Dilansir dari jawaPos.com, Direktur Jenderal Bimas Islam Abu Rokhmad mengatakan sidang isbat awal untuk menentukan awal Ramadan itu bakal dihadiri oleh beberapa pihak. Mulai perwakilan ormas Islam, perwakilan kedutaan besar negara-negara sahabat, Majelis Ulama Indonesia (MUI), BMKG, ahli falak, DPR, hingga Mahkamah Agung (MA).
Abu Rokhmad menyampaikan bahwa secara keseluruhan ada 3 rangkaian pelaksanaan sidang isbat awal Ramadan. Pertama, pemaparan data posisi hilal berdasar perhitungan astronomi. Kedua, verifikasi hasil rukyatul hilal daru 37 titik pemantauan di Indonesia.
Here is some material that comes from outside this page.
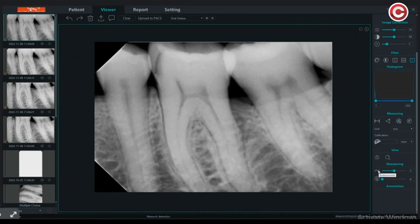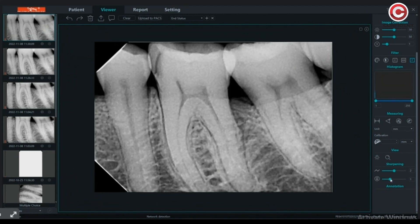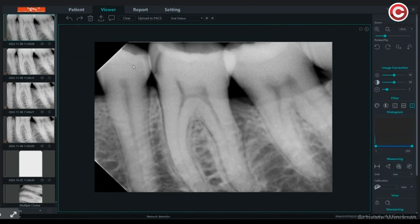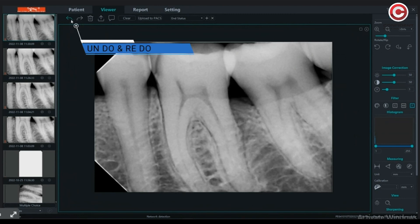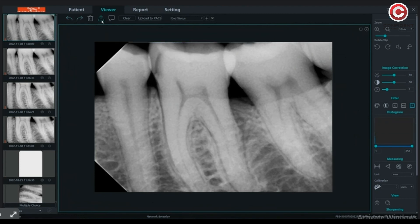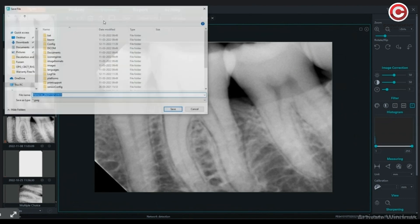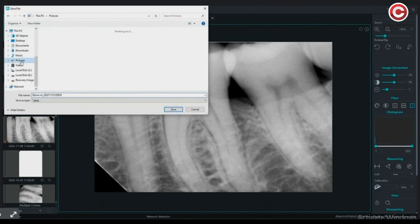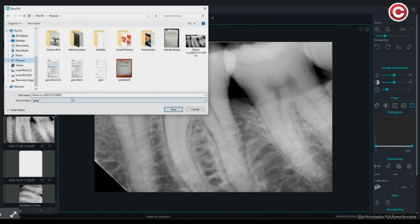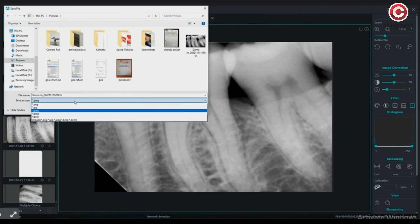By using the sharpening tools, you will have a detailed view of the image. You can undo and redo the changes you have made. Once done, you can export the image to a desired folder in a format of your choice.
Selanjutnya, musyawarah dan pengambilan keputusan yang diambil diumumkan kepada masyarakat,” kata dia di Jakarta pada Kamis (29/1/2026).
Dalam sidang isbat tersebut, Kemenag mengintegrasikan metode hisab dan rukyah. Kepada seluruh umat muslim di Indonesia, Abu Rokhmad mengajak masyarakat menunggu hasil sidang isbat dan pengumuman pemerintah terkait awal Ramadan 1447 Hijriah.
Hal itu sejalan dengan MUI Nomor 2 tahun 2004 tentang Penetapan Awal Ramadan, Syawal, dan Zulhijjah. Dalam kesempatan terpisah, Direktur Urusan Agama Islam Arsad Hidayat menyampaikan, Kemenag akan mengirimkan sejumlah ahli ke lokasi atau titik rukyah yang berpotensi melihat hilal jelas.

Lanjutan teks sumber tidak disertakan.